Re: asm grep



Robert Redelmeier wrote:

....
Printing filename (really need to do that) and/or offset, or
just count, shouldn't be a problem... Printing non-matching
lines is going to require major modification

Why? just default to printing the line & skip if match.
Not much different to default to noprint and print if match.

The problem arises in that, in order to minimize checking "obvious non-matches", I scasb for the first character of "needle", completely ignoring "lines" (find the beginning/end of the line in which the match was found only after finding a match).

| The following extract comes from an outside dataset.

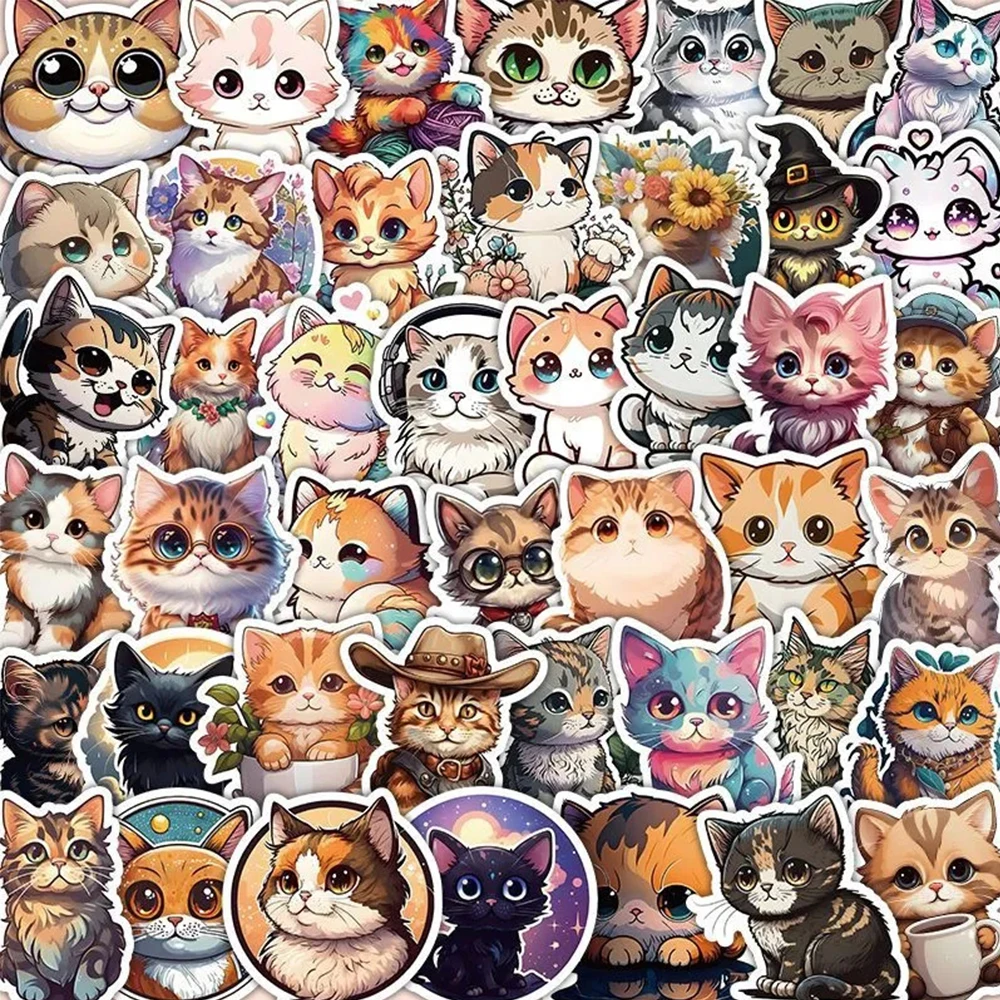 10/30/53pcs Cute Cartoon Cat World Stickers Kawaii Animal Graffiti Stickers Notebook Phone Case Water Bottle Decals for Kids Toy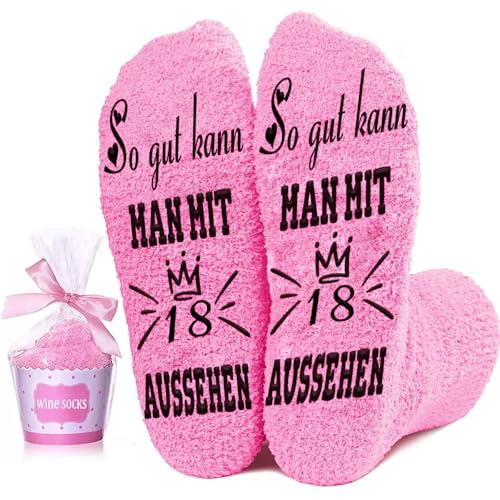 YueJieSelected 18. Geburtstag Mädchen Geschenk Socken Flauschige Funny Besonders,Charms Geschenksocken Geschenk Zum 18 Geburtstag Mädchen geburtstag,Geburtstagsgeschenk Einzigartiges Kuschelsocken von YueJieSelected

Seems to me this isn't going to work if we want to print non-matching lines... *or* report line-number where a match is found, instead of "offset" (which seems useful to me).

- does anyone > actually use that?

Yes. I use -v when I need to filter out false positives:

$ grep sshd /var/log/messages* | grep -v Accept ; gives failed sshd

Damn! Well... it can be arranged...

I'm not familiar with "tr". You want to... strip the high bit
and then compare? Or strip the high bit from what we print?

strip, then compare.

Yeah? Okay... I'm not sure I see what this is used for...

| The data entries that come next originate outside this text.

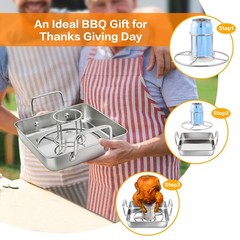 HaSteeL Beer Can Chicken 1 Pan +1 Rack + 1 Brush, Rosating Pan+Chicken Holder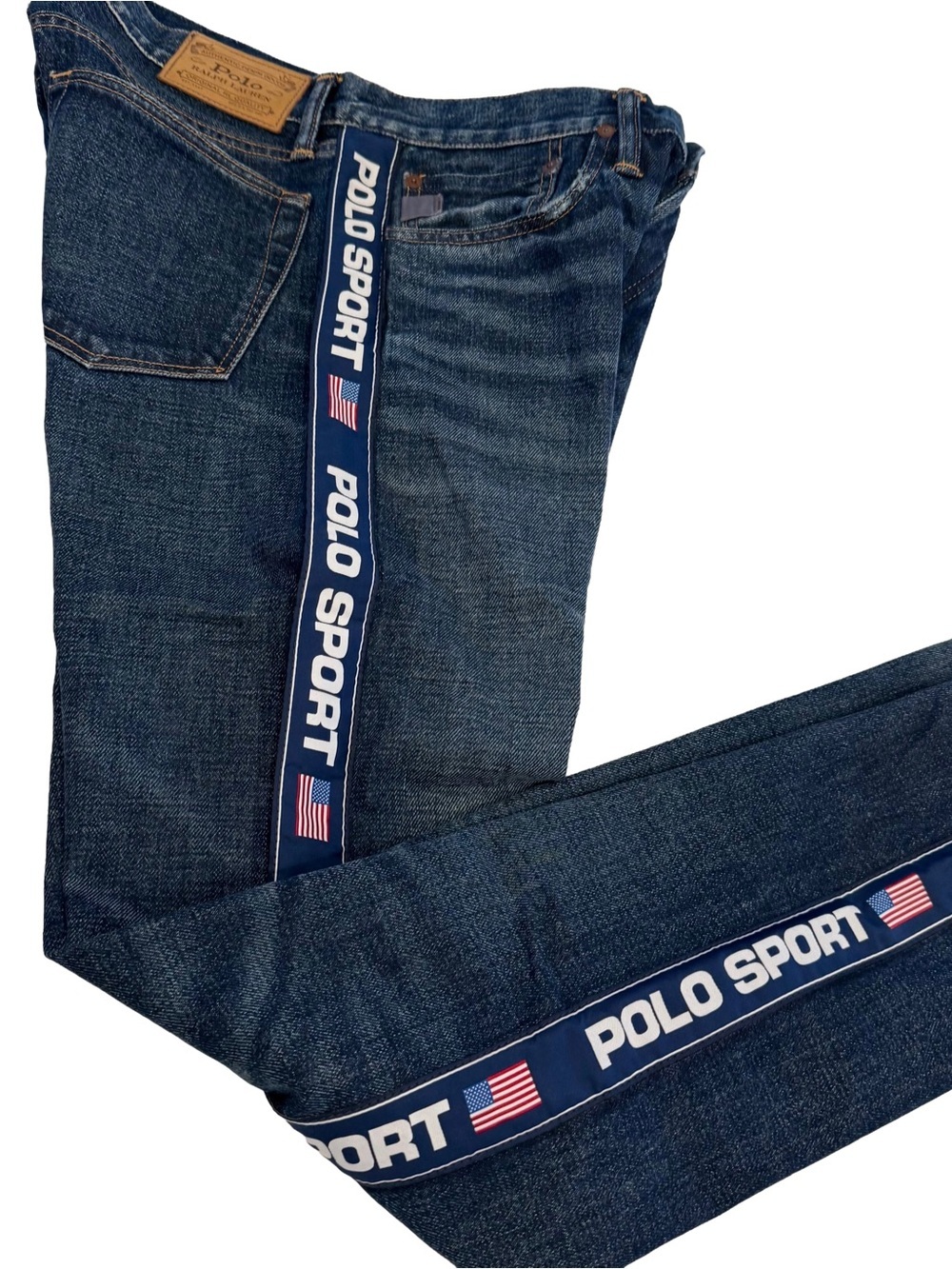 Ralph Lauren Men’s Varick Straight Jeans logo Flag Ribbon Seams Sz 32x32 NEW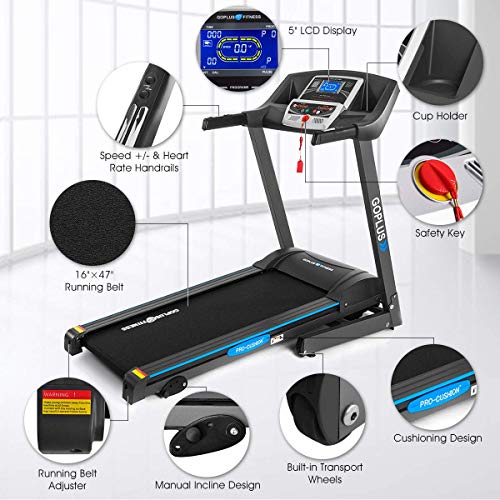 Image of Goplus 2.25HP Electric Folding Treadmill with Incline, Walking Running Jogging Fitness Machine with Blue Backlit LCD Display for Home & Gym Cardio Fitness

Strip before printing would also be nice,
but that probably takes tr..

Well, we could surely build that into "our grep" if we wanted to (badly enough). Wouldn't be "the Unix way" (but then, neither is asm, as you've pointed out).

But... doesn't the "re" in "grep" stand for "regular expression"? I'm pretty sure regular expressions exceeds my ambition level (maybe my ability) at the moment...

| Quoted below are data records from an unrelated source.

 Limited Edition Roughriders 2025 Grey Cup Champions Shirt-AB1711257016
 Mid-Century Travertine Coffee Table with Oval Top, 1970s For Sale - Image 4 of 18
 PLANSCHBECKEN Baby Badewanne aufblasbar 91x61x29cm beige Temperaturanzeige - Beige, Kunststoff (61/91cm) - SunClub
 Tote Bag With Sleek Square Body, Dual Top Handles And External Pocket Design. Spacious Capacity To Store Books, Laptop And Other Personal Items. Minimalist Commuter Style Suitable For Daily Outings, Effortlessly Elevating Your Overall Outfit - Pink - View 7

I've had problems with binary files trashin'
my console... that might be a good one...

`reset` is your friend.

Yeah. It may have been you who taught me that.

Learn to type blind.

I may need to learn that anyway, the way I'm going... But it might be nice to have an option to avoid printing those "troublesome" characters in the first place...

Thanks for the feedback!

Best,
Frank
.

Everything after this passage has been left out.